[WHAT IS EXPECTED]
From the line that has "Cricket 26 - Official Game of the Ashes" down to the last line of the data below, set down every line exactly, but none of the pictures.
*** DATA FOR THIS TASK ***
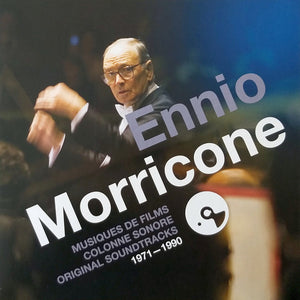 Ennio Morricone - Musiques De Films = Colonne Sonore = Original Soundtracks 1971-1990 - 2021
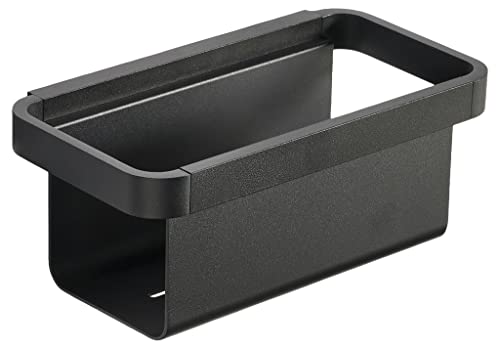 Zone Denmark Rim Duschregal zum Hängen, Duschablage Schwarz, Duschkorb zum Hängen aus Aluminium, Inkl. Montageset, 22 x 11,4 x 9 cm, Schwarz Zone Denmark Rim Duschregal zum Hängen, Duschablage Schwarz, Duschkorb zum Hängen aus Aluminium, Inkl. Montageset, 22 x 11,4 x 9 cm, Schwarz von Zone Denmark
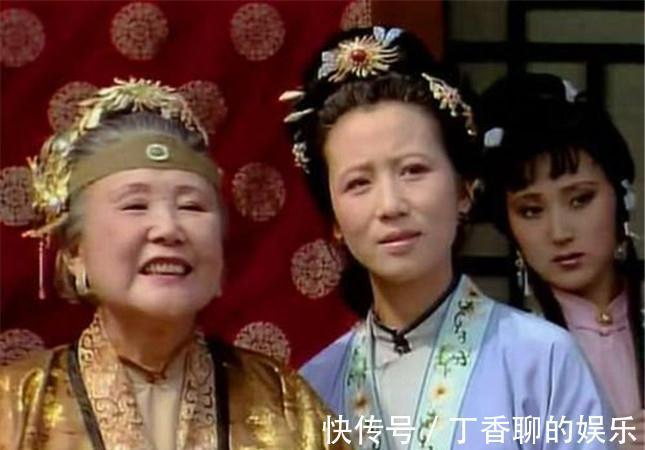 李纨#红楼梦:李纨曾向贾政撒娇卖嗔,因为太含蓄,居然没人看出来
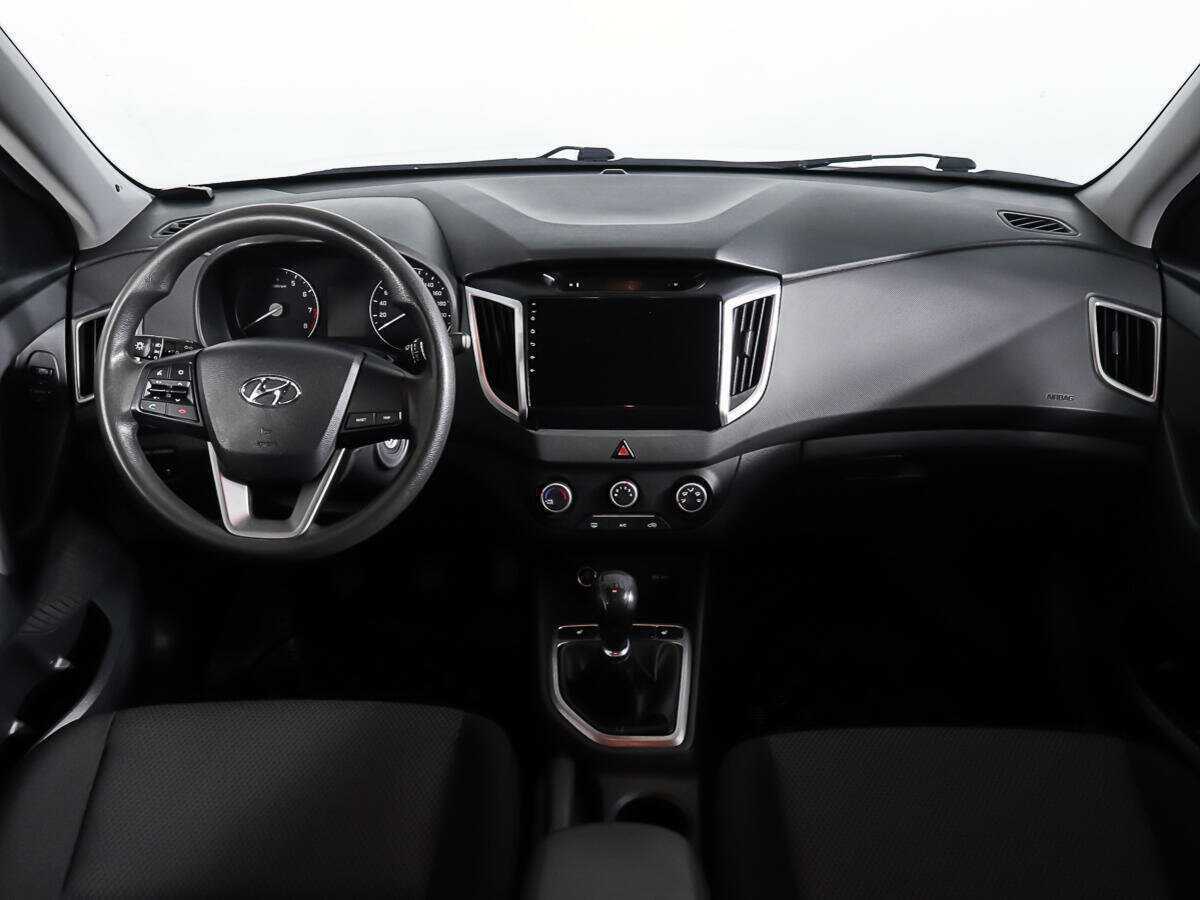 Hyundai Creta 2018 года с пробегом. Фото: #11
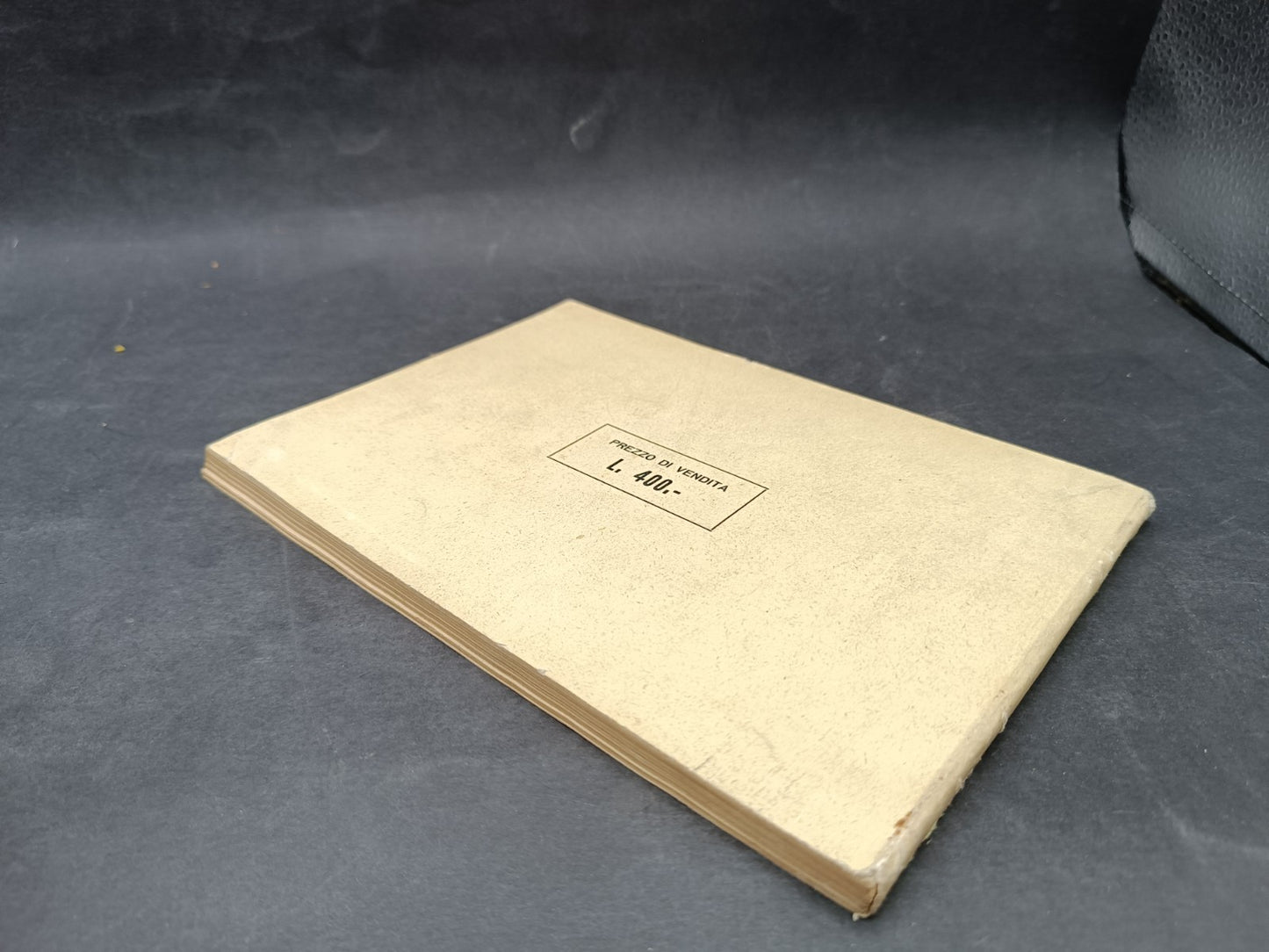 Libro Tutto sul calcio Edizioni Apis 1952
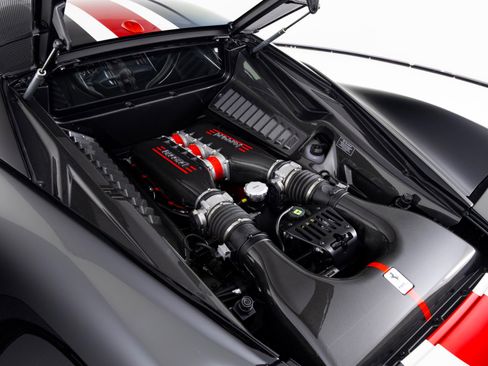 Used 2015 Ferrari 458 Speciale Coupe image 39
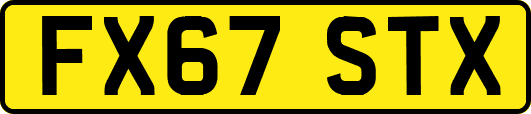 FX67STX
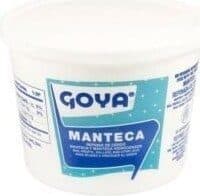 Manteca lard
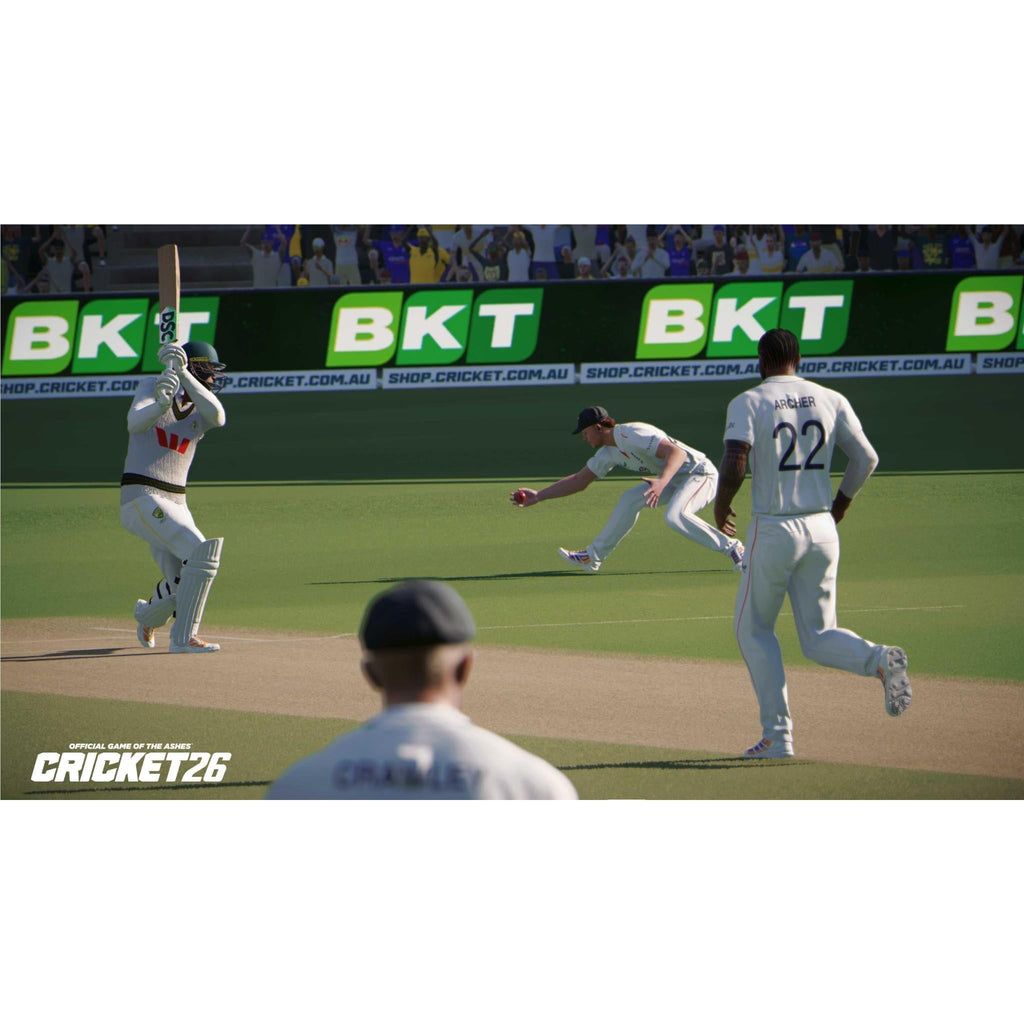 Cricket 26 - Official Game of the Ashes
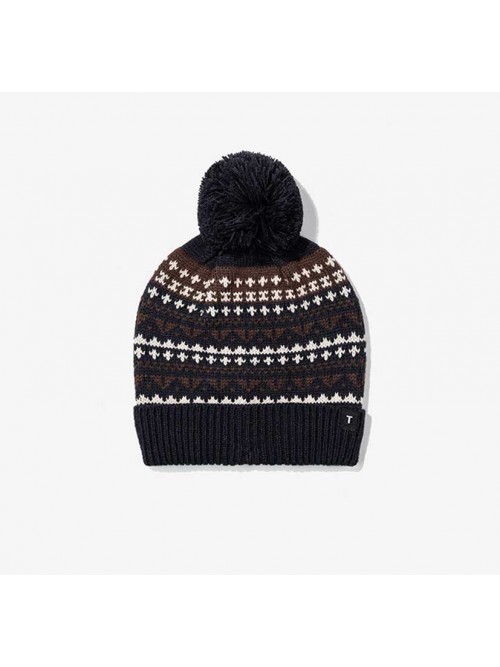 Gorro Tiffosi 10051270 Luc 270 Marron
*** End of DATA FOR THIS TASK ***
[RESULT]
 Cricket 26 - Official Game of the Ashes
 Gorro Tiffosi 10051270 Luc 270 Marron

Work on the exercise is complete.